En el caso de Brasil, la llegada de Bolsonaro a la Presidencia, con Ernesto Araújo como canciller –un diplomático crítico de la globalización y las instituciones multilaterales–, promete un fuerte viraje en la política exterior. Este es un dato a registrar para el G-20, un foro que viene perdiendo gobiernos aliados con la visión del mundo que dan sustento al cónclave. Este año ya perdió a Italia, que ahora cuenta con una visión similar a la de Estados Unidos. A partir del año que viene tampoco contará con Brasil.

Chile, país invitado por el anfitrión junto con Holanda, tiene un modelo de integración más enfocado en el Pacifico que en la región, por lo que su invitación no responde a una intención de incluir una mirada latinoamericana en la discusión. De hecho, Sebastián Piñera no se reunirá con Macri.

Argentina recibe al G-20 en plena crisis económica, con un gobierno que priorizará un encuentro sin sobresaltos antes que un resultado en la deliberación colectiva. La reputación a recibir de la comunidad internacional fue el principal objetivo que acompañó la postulación como sede. Hoy, con una política exterior que perdió autonomía y que se encuentra materialmente condicionada por los acuerdos con el Fondo Monetario Internacional, los beneficios que el gobierno pueda recibir desde afuera por organizar la cumbre son limitados. En este caso el gobierno parece estar más interesado en el impacto interno y que este año –el más caótico de su gestión– termine sin otro conflicto.
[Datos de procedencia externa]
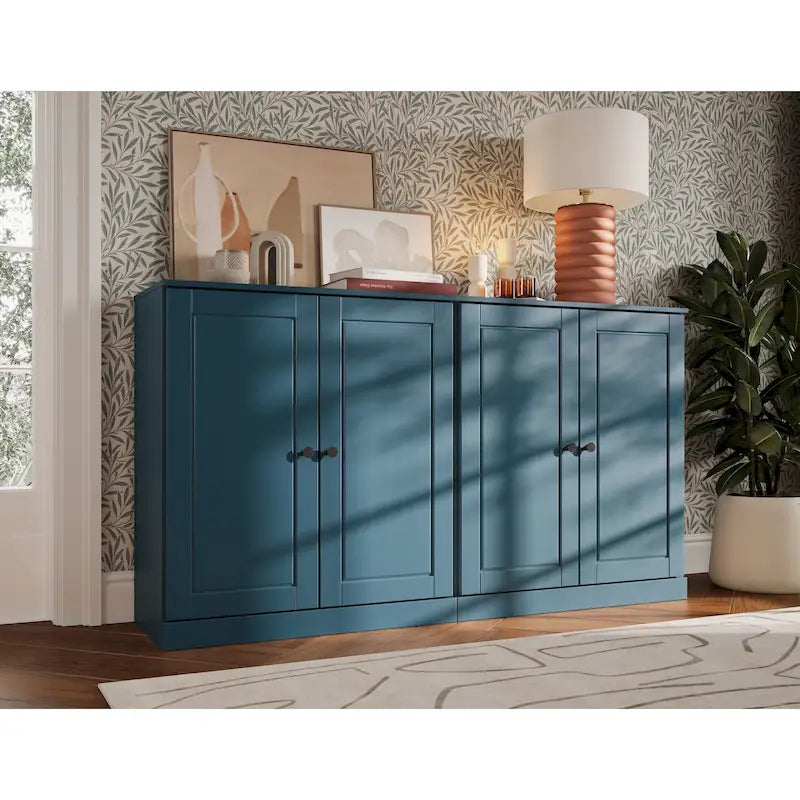 Sideboard aus 100 % Massivholz mit Glas- oder Massivholztüren - 64 x 35.75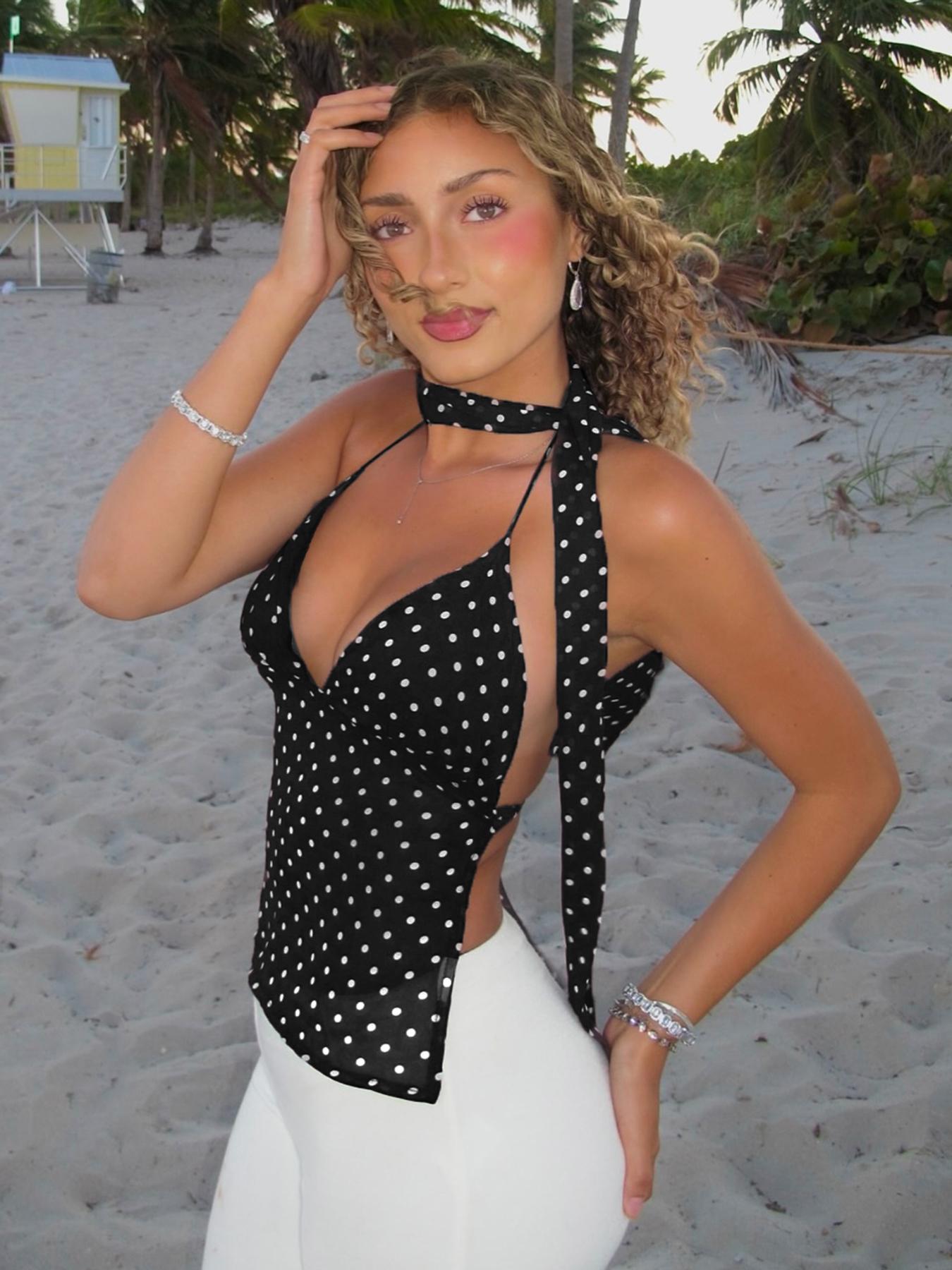 Women's Polka Dot Print Tie Back Halter Neck Cami Top with Scarf, Y2k Fashion Backless Sleeveless Top for Daily Outdoor Wear, Ladies Clothes for Summer, Womenswear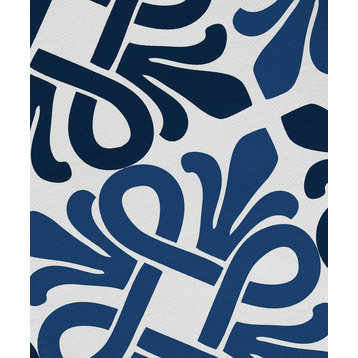 22"x22" Tiki Square, Geometric Print Napkin, Blue, Set of 4
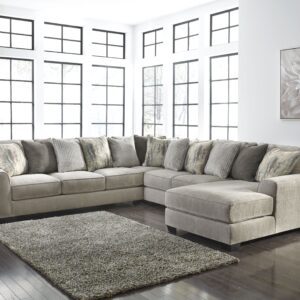 Ardsley - Pewter - Right Arm Facing Corner Chaise with Sofa 4 Pc Sectional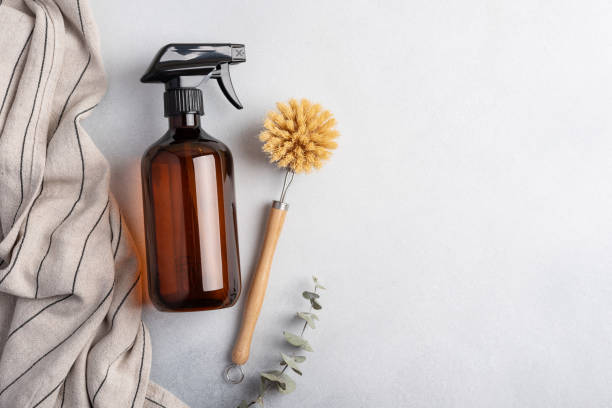 istock Eco-friendly cleaning set with soap bottle and wooden dish brushes 1595933490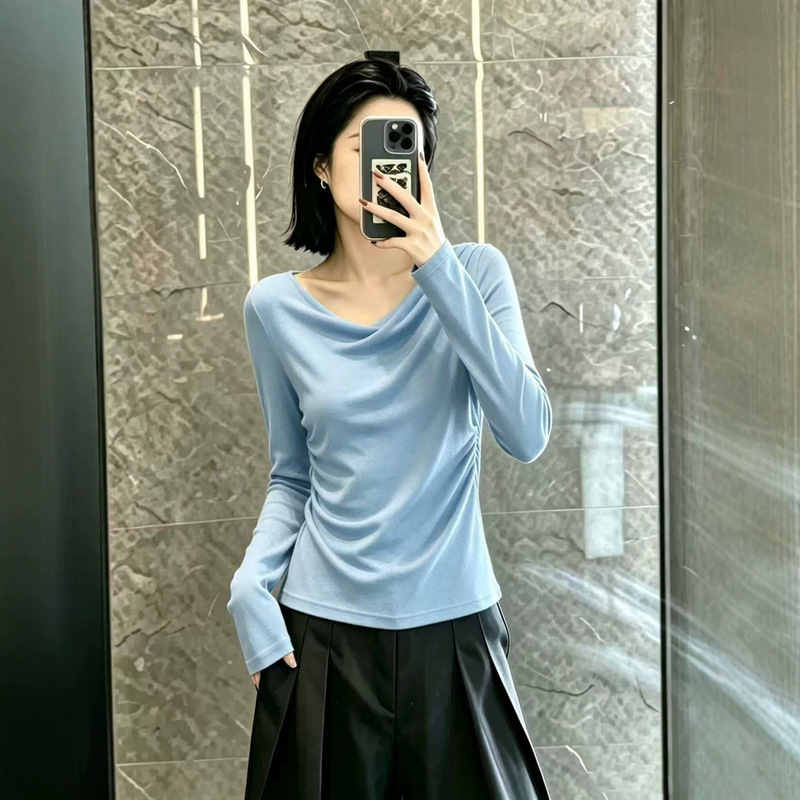 Off-shoulder, long-sleeved top for women, 2026 new model, made of Lyocell, with a high-end feel, slimming effect, and suitable as a base layer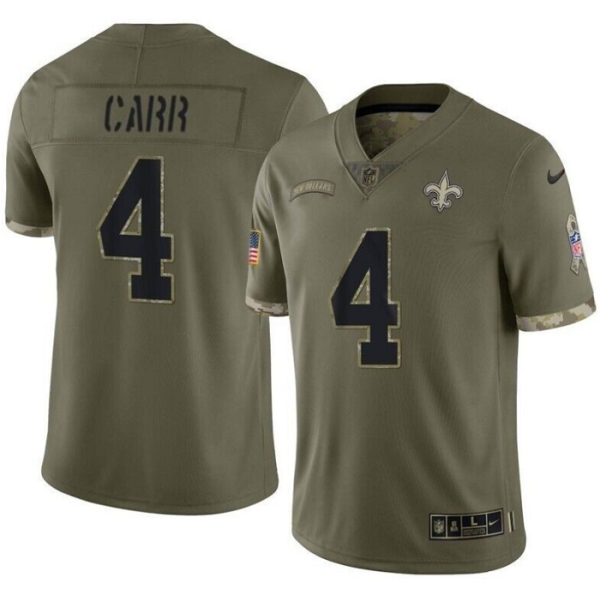 Men's New Orleans Saints #4 Derek Carr Olive Salute To Service Limited Stitched Jersey - Custom Name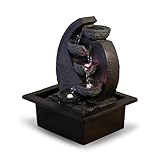 Zen'Light - Zimmerbrunnen Wasserfall V2 4 Ebenen in Natursteinoptik mit farbigem LED-Licht - Moderne Zen Tischdekoration, Ideal für Meditation und Entspannung - H 26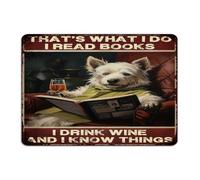That's What I Do I Read Books I Drink Fashion Chic Metal Sign Custom Backyard Wall Art Plaques Bookaholic Bookish Book Nerd' Gifts Wall Decorations Aluminum Tin Signs for Front Door Bedroom Home 10x14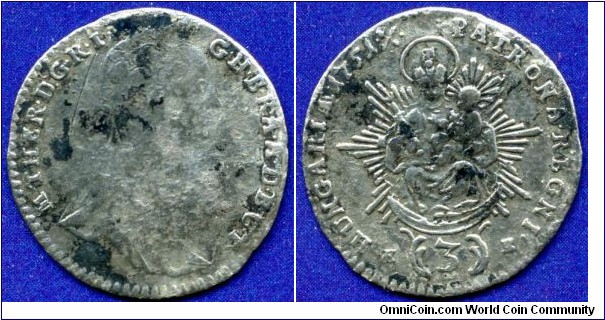 3 kreuzer.
Maria Theresia (1745-1780) Queen of Hungary.
*KB*- Kremnitz mint.


Ag344f. 1,70gr.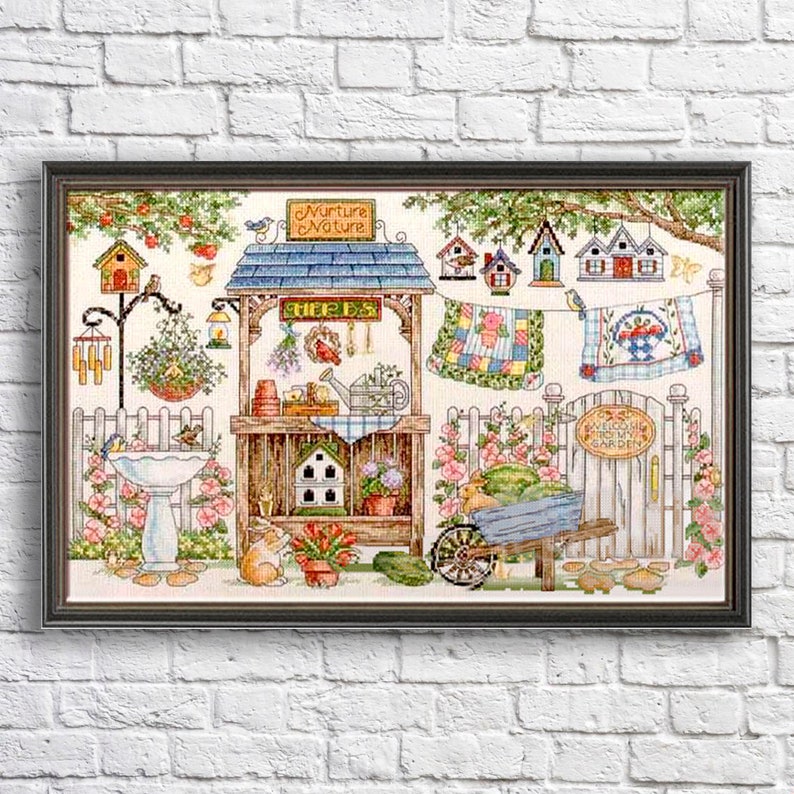 Garden Country Counted Cross Stitch Pattern Digital Pattern Modern Decor Landscape Pattern Hand Embroidery Needlepoint chart Garden Flower image 1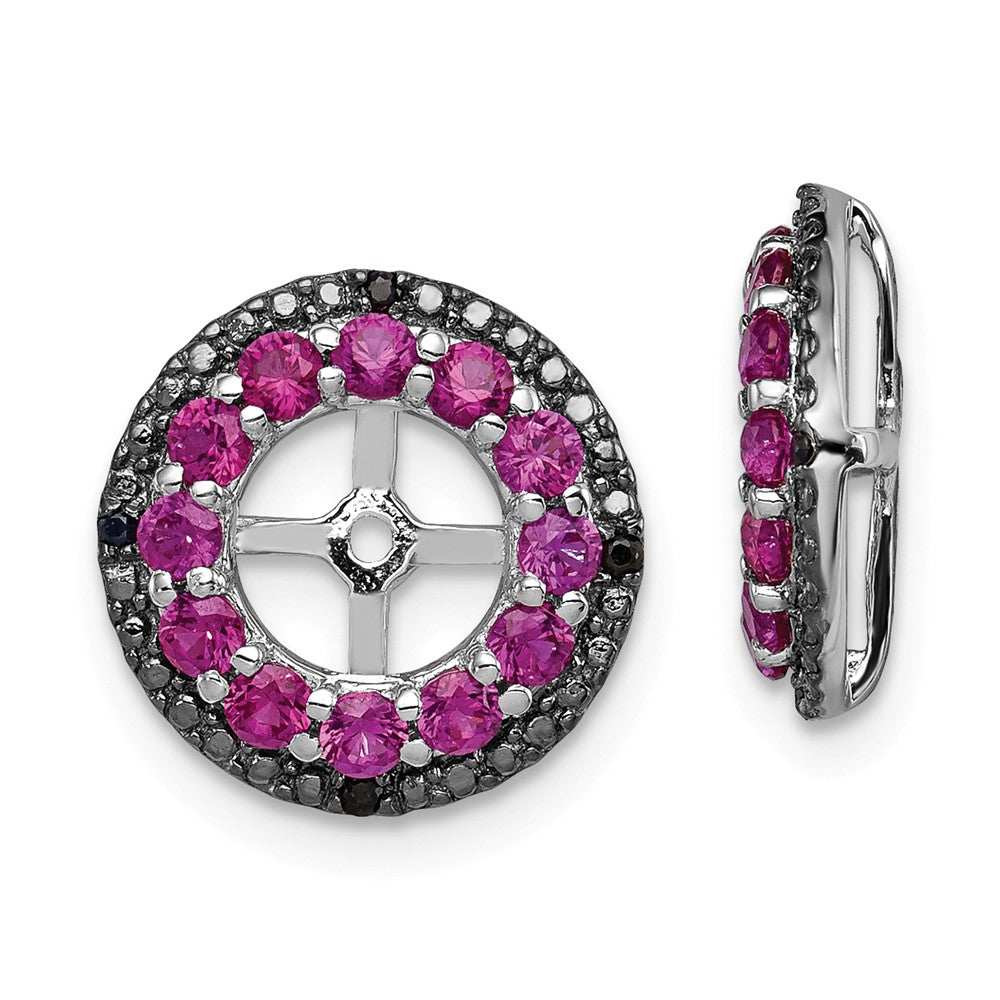 Stella Silver 925 Sterling Silver Rhodium Created Ruby & Black Sapphire Earring Jacket, 13mm x 13mm
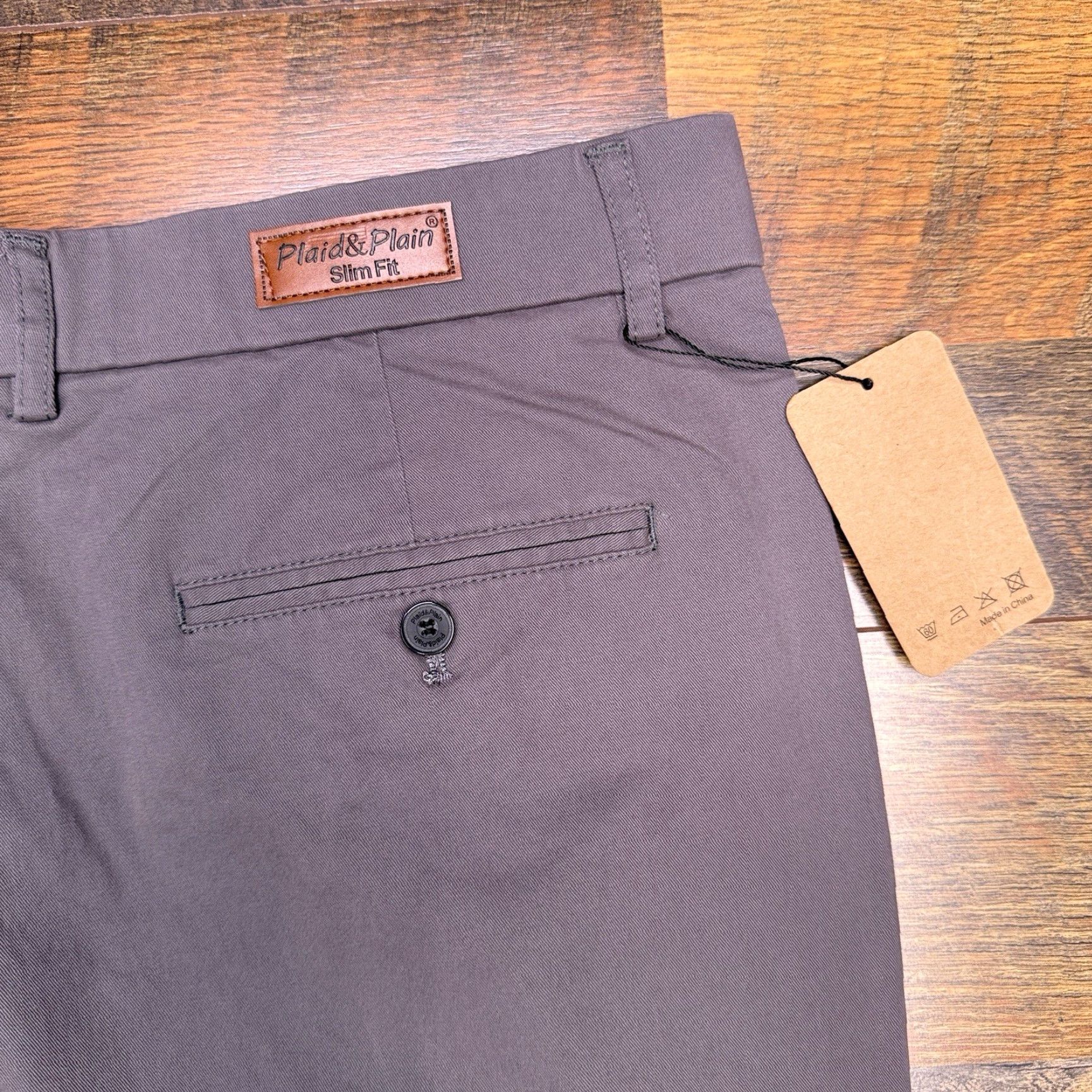 Vintage Plaid & Plain Slim Fit Pants Mens 34x28 Gray Mid Rise Stretch New Size US 34 / EU 50 - 7 Thumbnail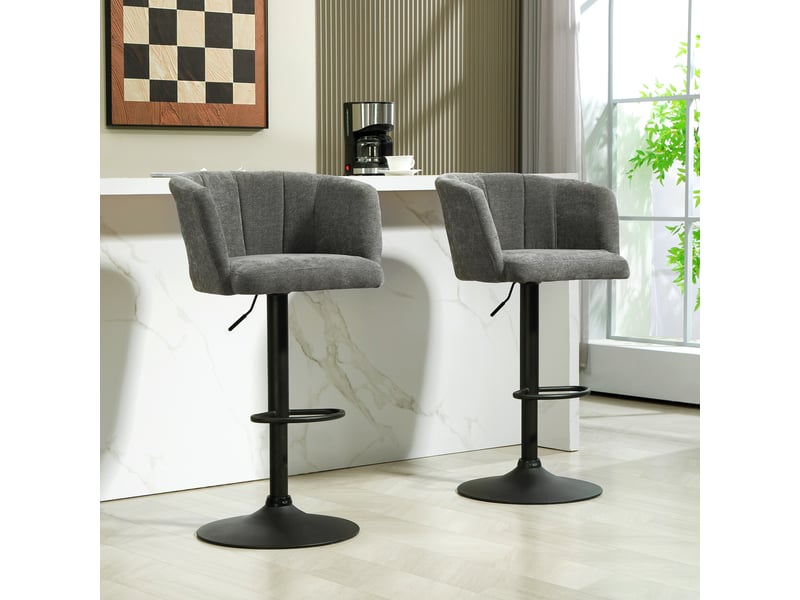  Ensemble de 2 tabourets de bar, dossier coquille, hauteur réglable, repose-pieds, pour cuisine ou salle à manger, piètement en métal, gris foncé  - Conforama C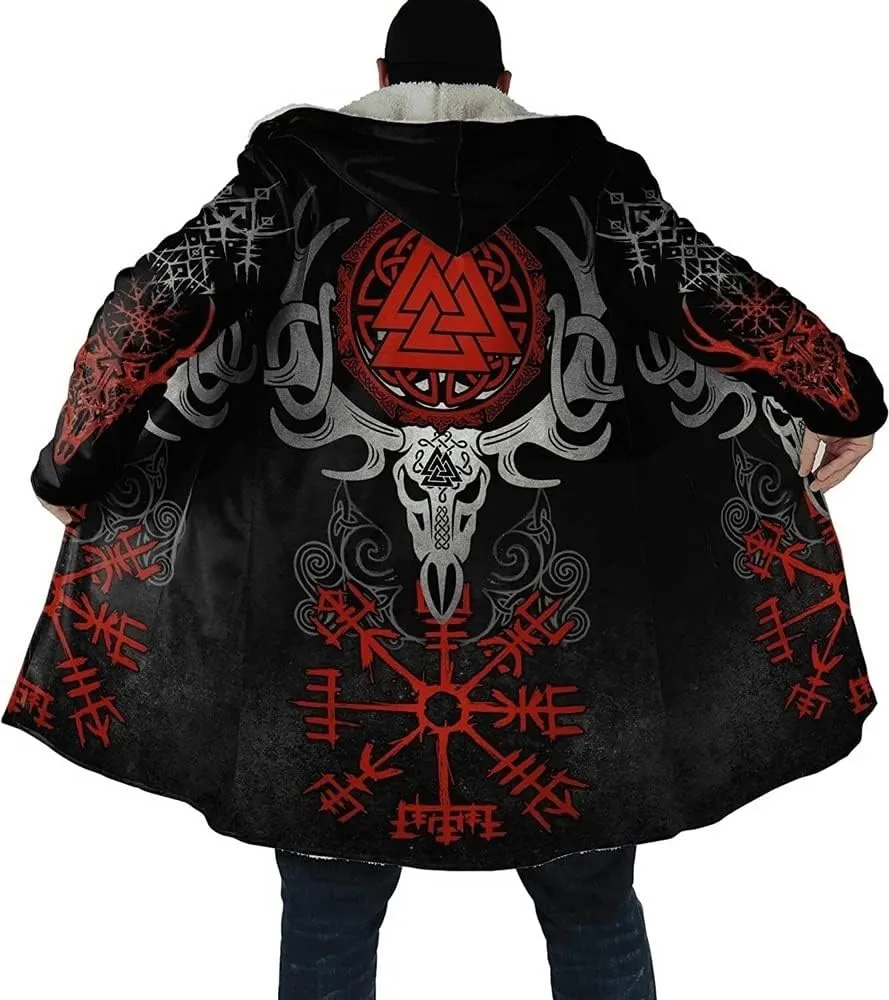 Viking Hooded Coats Unisex Faux Cashmere Robe Warm Long Sleeve Cloak Norse Myth Compass And Odin Raven Tattoo Overcoat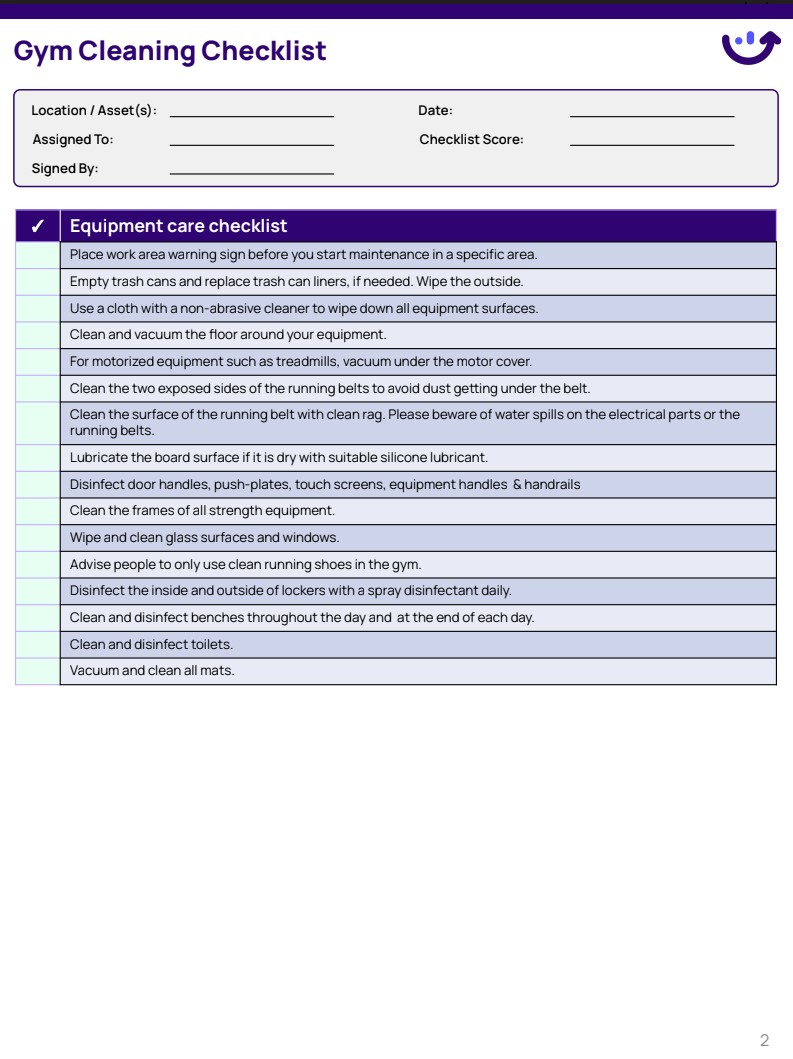 Gym Cleaning Checklist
Uno de los desafíos más importantes que enfrenta la organización es precisamente ese: contener la movilización callejera, en especial la confluencia «No al G-20, fuera FMI», con fuerte presencia de movimientos sociales argentinos y brasileños. La cumbre del año pasado, en Hamburgo, Alemania, fue eclipsada por los enfrentamientos entre la policía y los manifestantes.

Si la cumbre transcurre con normalidad y se produce algún avance en materia bilateral, el resultado será positivo tanto para el país anfitrión como para el G-20 como institución, hoy más enfocada en brindar un marco para el diálogo y control de daños que en tejer grandes acuerdos colectivos.